Cognitive Flashcards
What is Piagets theory about?
Basic assumptions
Basic processes
Stages of cognitive development
- characteristics of stage theories
- Piagets 4 stages
What are basic assumptions?
Child actively constructs knowledge
What is the constructivist approach?
Child learns on own, not just from others
Child is intrinsically motivated to learn
What are schemes?
Cognitive structure that forms the basis of organising actions and mental representations so that we can understand and act upon then environment
What are 3 processes that propel development?
Assimilation
Accommodation
Equilibration
What is assimilation?
Taking in information compatible with what is already known, incorporating into existing schemas
What is accommodation?
Changing existing knowledge based on new knowledge; modifying schemas based on experience
What is equilibration?
Balancing assimilation and accommodation to create stable understanding; reorganising schemes to achieve balance
How do children understand the world
With schemes
What are the characteristics of stage theories
Discontinuous
Invariant sequence
Hierarchical
Domain-general
What is discontinuous?
Tree = continuous - as age increases so does development
Butterfly = discontinuous - there are plateaus/stages
What are Piagets 4 stages?
Sensorimotor
Preoperational
Concrete operational
Formal operational
What is sensorimotor?
0-2
Intelligence expressed through sensory and motor abilities
Integration of motor movements with sensory experiences
What are the sub stages of sensorimotor?
Modification of reflexes (0-1month)
Primary circular reactions - organise repeated reflexes into larger behaviour, centred on own body, repetitive (1-4months)
Secondary circular reaction - environment is included in reactions (4-10 months) (infants lack object permanence)

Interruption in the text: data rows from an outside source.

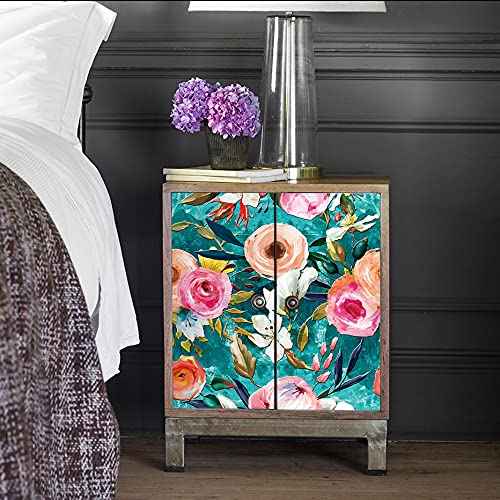 HAOKHOME Floral Peel and Stick Wallpaper Teal Green/Pink Removable Textured for Bedroom Nursery Decorations 17.7in x 6.5ft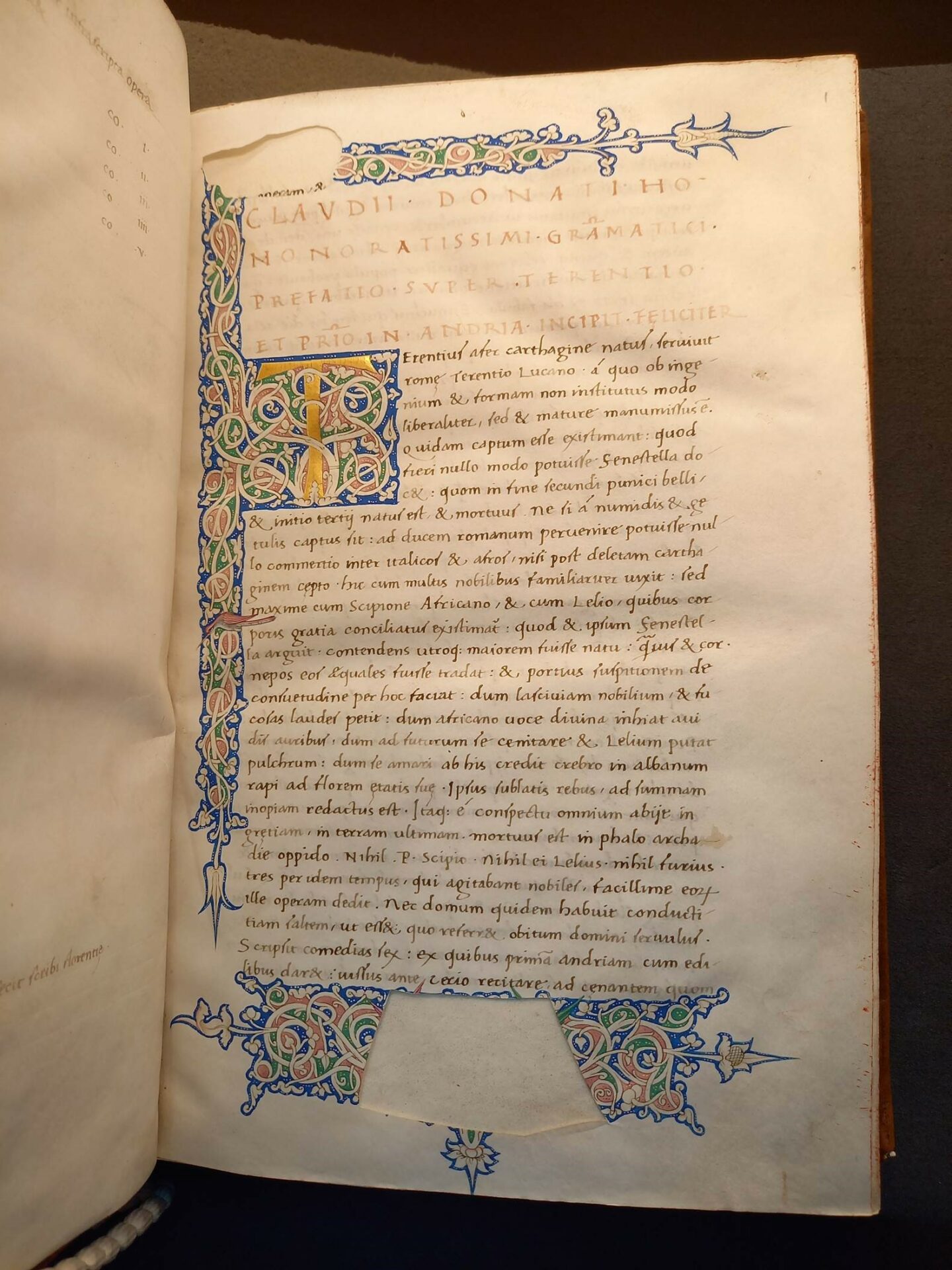 Slightly damaged page of an illuminated manuscript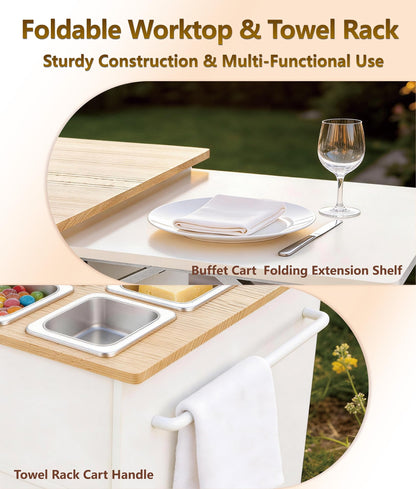 kaiwrxin Charcuterie Cart with 12 Removable Stainless Steel Food Containers, Foldable Worktop & Towel Rack, 360° Lockable Wheels, Large Storage Sideboard for Dining Room, Kitchen, Living Room (M)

Intentional coordinated behaviour (10-12months) means and end; cause and effect. Now have object permanence
Tertiary circular reaction - actively explore how objects can be used (12-18 months). Trial and error experimentation emerges
Mental representations and combinations (18-24 months)
What is preoperational stage?
2-7
Major advances - symbolic representation
- symbolic representation (2-4) (e.g., pretend play)
Major weakness - egocentric, centration
- egocentric = difficulty seeing the world from others points of view (rationale imitation, 14months)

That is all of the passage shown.